On the occasion of Holodomor Remembrance Day, our museum’s exhibitions opened in partner institutions across several regions of Ukraine.

Thus, on November 22, the Vinnytsia Regional Museum of Local Lore opened the exhibition “Holodomor: Soviet Genocide of Ukrainians”. “Vinnytsia, like the whole of Ukraine in 1932-1933, suffered enormous losses. Entire families died out, streets and villages disappeared from the map, an irreparable blow was dealt to mentality and culture, the connection between generations was broken, and the principal human right – the right to life – was destroyed! – says the official Facebook page of the museum. – At a time when the Russian Federation is again committing the crime of genocide, making another attempt to subjugate the Ukrainian people, researching the history of the Holodomor genocide and spreading the truth is more crucial than ever. Only together will we be able to reconstruct history, learn and tell the truth in order to protect our future from repeating the past crime.” The exhibition will run until December 22.

The exhibition “Holodomor: Soviet Genocide of Ukrainians” also opened on November 22 at the Odesa Museum of History and Local Lore.
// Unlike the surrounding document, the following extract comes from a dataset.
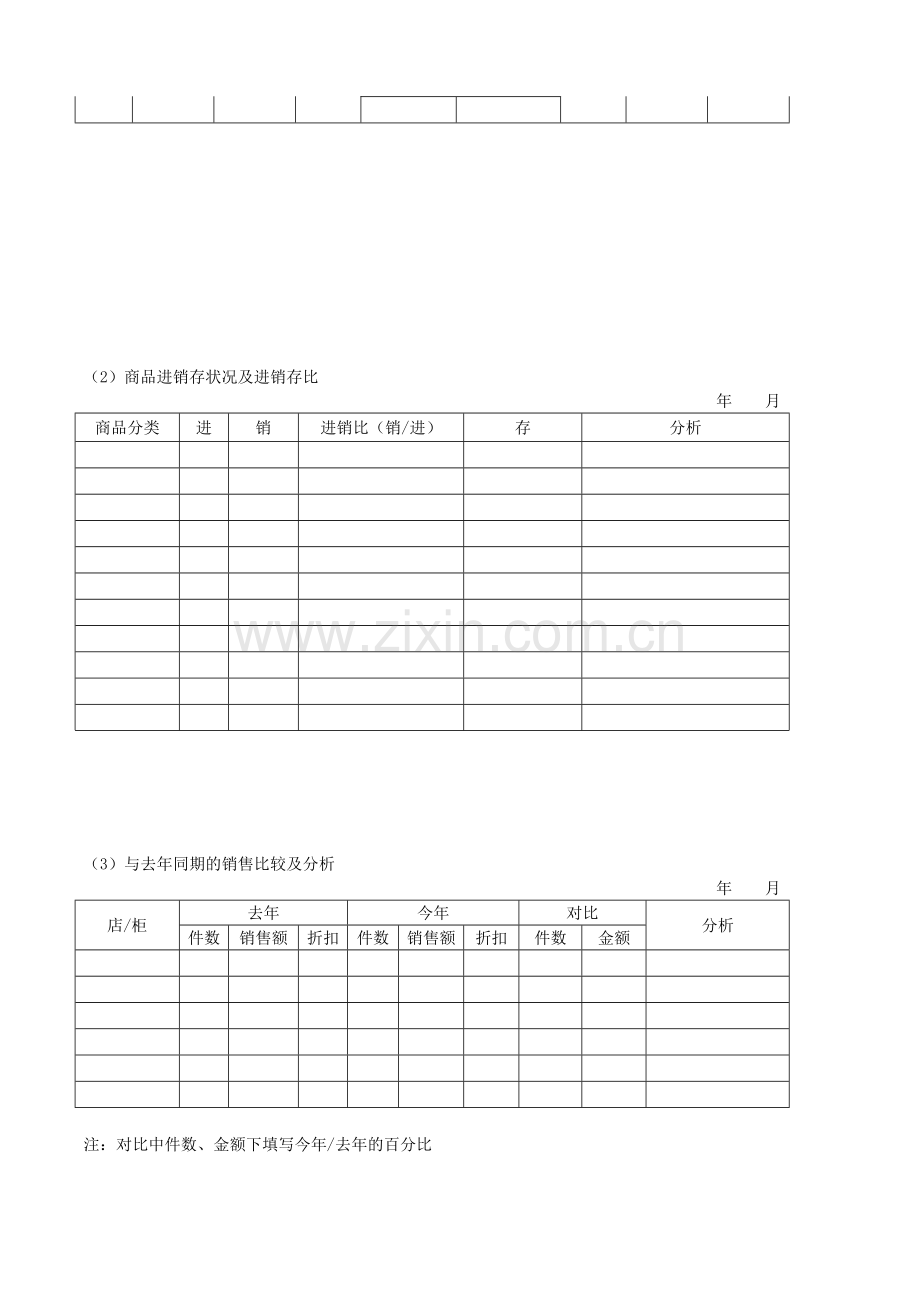 自营店铺管理流程.doc_第3页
The opening of the exhibition spoke:
Yaroslava Riznikova, Deputy Director of the Department of Culture, Nationalities, Religions and Protection of Cultural Heritage Sites of the Odesa Regional State Administration;
Natalia Dzyubenko-Mace, writer, publicist, member of the National Writers’ Union of Ukraine and the Council of the All-Ukrainian Association of Researchers of the Holodomor-Genocide of Ukraine;
Uliana Hromovych, Chief Specialist of the First Interregional Territorial Department of the Ukrainian Institute of National Remembrance;
Mykola Storozhuk, representative of the NGO “Veterans HUB Odesa”, Taras Honcharuk, Doctor of Historical Sciences, Lecturer at the Faculty of History and Philosophy of the Odesa Mechnikov National University. The participants of the event were Serhii Veherchuk, director of Odessa Lyceum No. 2, students of the Odessa Naval Lyceum, museum employees, and representatives of the local history community,” the museum’s Facebook page states.

The exhibitions “The Uncondemned Genocide of Ukrainians Repeats” and “Holodomor: Soviet Genocides of Ukrainians” opened at the Novovolynsk Historical Museum on November 23. “Over 90 years ago, Ukraine experienced one of the most tragic pages in its history — the Holodomor. Then Russia tried to destroy Ukrainianness itself, our way of life and the meaning of the existence of an entire people. However, the criminal regime was not punished, which turned it into the ground for a new wave of Russian genocide against Ukrainians,” the museum’s Facebook page states. “The exhibition narrates unpunished evil that has returned today to complete what started nearly a hundred years ago. It is about the history of destructive Ukrainian-Russian relations and tells about their causes, consequences and ways to finally defeat this evil.”